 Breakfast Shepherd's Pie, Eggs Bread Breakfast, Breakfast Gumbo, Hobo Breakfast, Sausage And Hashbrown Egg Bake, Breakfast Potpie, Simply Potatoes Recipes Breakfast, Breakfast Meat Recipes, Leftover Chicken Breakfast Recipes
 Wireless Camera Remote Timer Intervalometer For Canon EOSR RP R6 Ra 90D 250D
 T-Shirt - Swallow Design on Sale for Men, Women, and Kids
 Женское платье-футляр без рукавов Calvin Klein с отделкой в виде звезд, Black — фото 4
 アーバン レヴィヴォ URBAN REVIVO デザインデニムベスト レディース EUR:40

--------------------

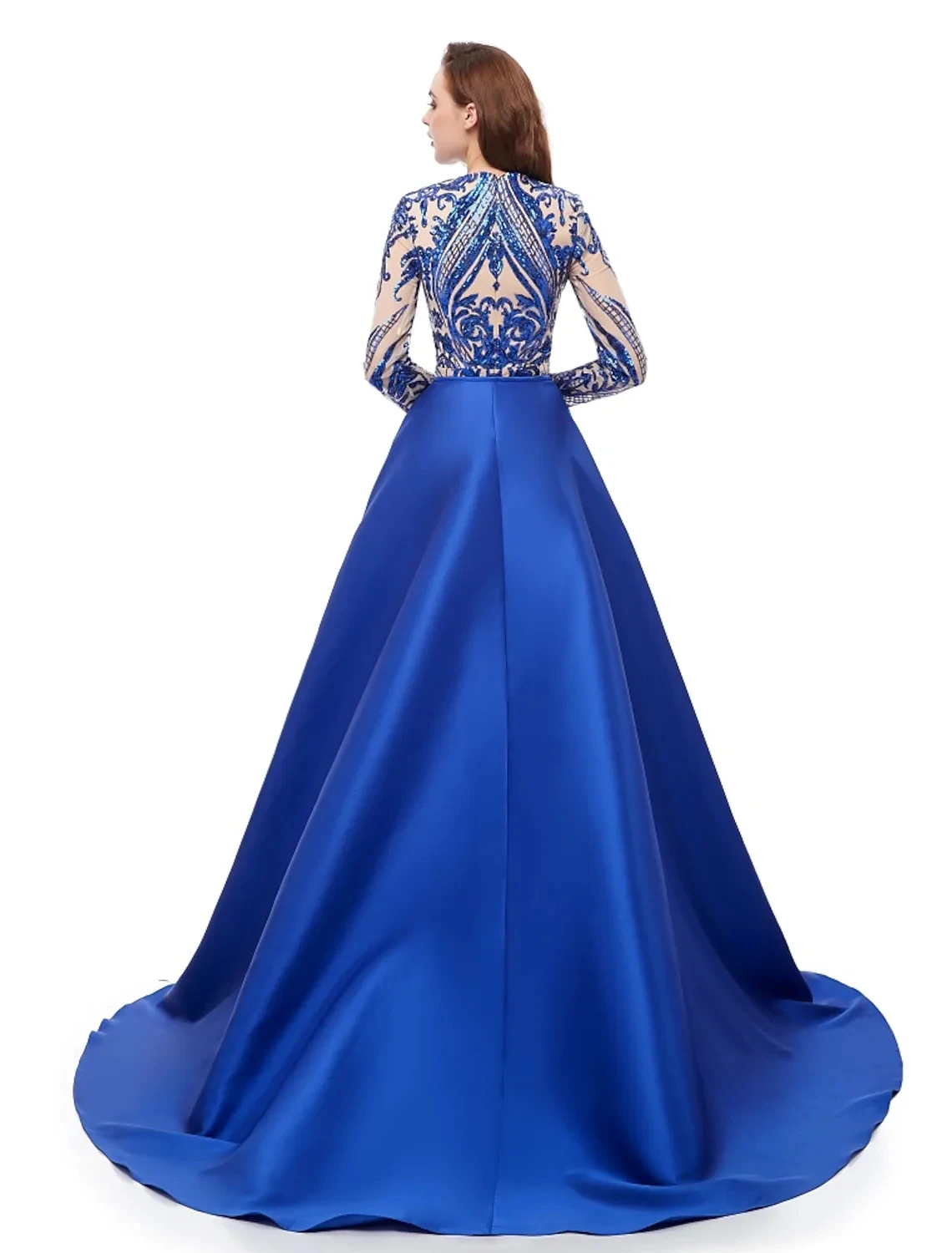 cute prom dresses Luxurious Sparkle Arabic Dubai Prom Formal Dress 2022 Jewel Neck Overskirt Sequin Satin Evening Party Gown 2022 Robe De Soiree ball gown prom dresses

--------------------

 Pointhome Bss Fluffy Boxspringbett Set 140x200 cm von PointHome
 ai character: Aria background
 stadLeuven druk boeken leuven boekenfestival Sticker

--------------------

■ Requirement ■
Print exactly the lines above from the one with "Pointhome Bss Fluffy" to the one with "stadLeuven druk boeken", including both.

■ Written answer ■
 Pointhome Bss Fluffy Boxspringbett Set 140x200 cm von PointHome
 ai character: Aria background
 stadLeuven druk boeken leuven boekenfestival Sticker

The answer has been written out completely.